DATASET ENTRIES ▸
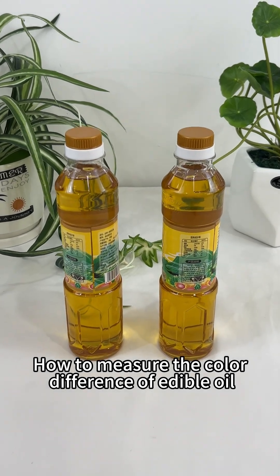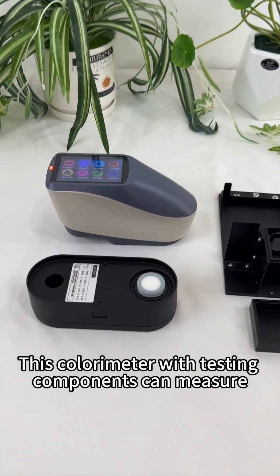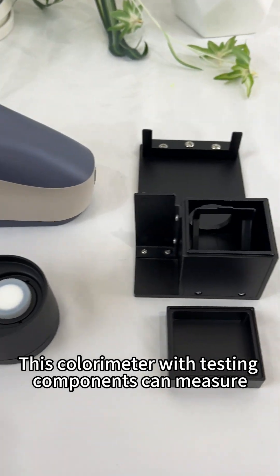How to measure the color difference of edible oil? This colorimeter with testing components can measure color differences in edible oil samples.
* * *
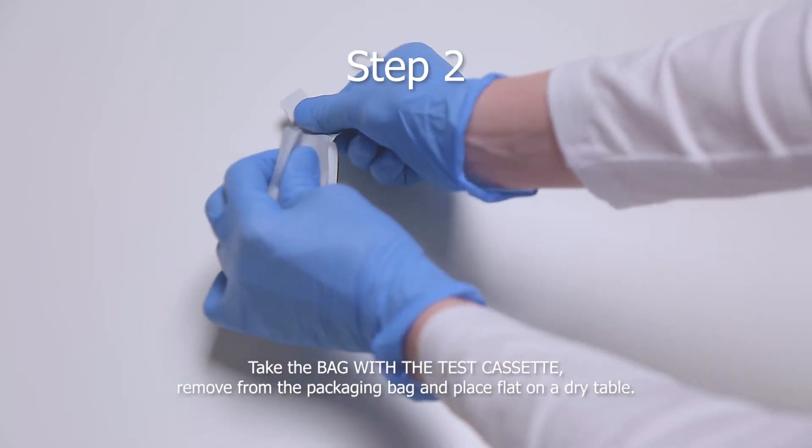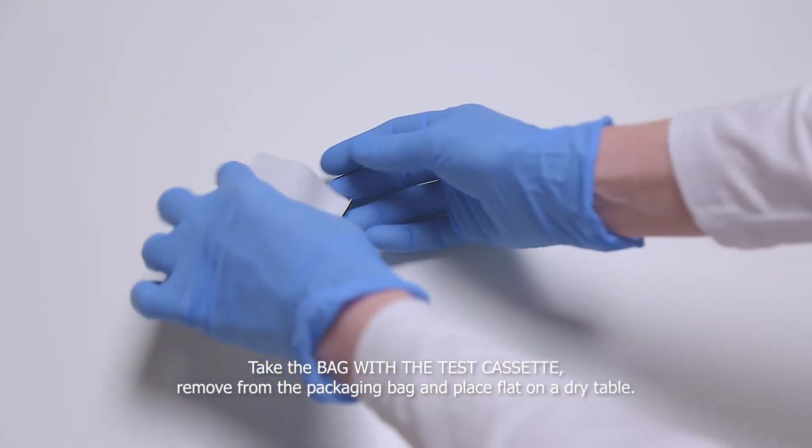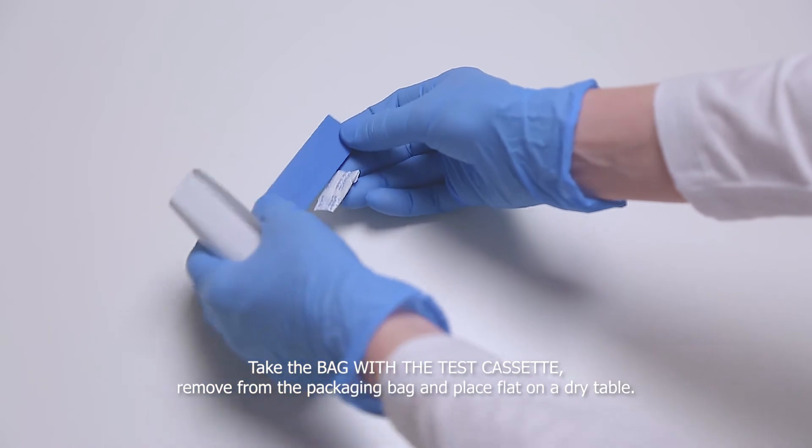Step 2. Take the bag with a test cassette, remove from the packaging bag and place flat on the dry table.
--
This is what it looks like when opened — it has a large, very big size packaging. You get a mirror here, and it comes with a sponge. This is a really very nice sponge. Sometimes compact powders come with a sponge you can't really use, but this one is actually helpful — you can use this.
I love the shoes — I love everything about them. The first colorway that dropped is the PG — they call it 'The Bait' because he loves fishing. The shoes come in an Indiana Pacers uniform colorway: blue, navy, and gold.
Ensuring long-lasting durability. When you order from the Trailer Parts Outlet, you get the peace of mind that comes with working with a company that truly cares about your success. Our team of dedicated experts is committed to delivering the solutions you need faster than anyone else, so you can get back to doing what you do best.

WHAT THE TASK ASKS ▸
What are the lines, exactly as written above, from the line with "I love the shoes" to the line with "Ensuring long-lasting durability.", both included? Output only those.

ANSWER ▸
I love the shoes — I love everything about them. The first colorway that dropped is the PG — they call it 'The Bait' because he loves fishing. The shoes come in an Indiana Pacers uniform colorway: blue, navy, and gold.
Ensuring long-lasting durability. When you order from the Trailer Parts Outlet, you get the peace of mind that comes with working with a company that truly cares about your success. Our team of dedicated experts is committed to delivering the solutions you need faster than anyone else, so you can get back to doing what you do best.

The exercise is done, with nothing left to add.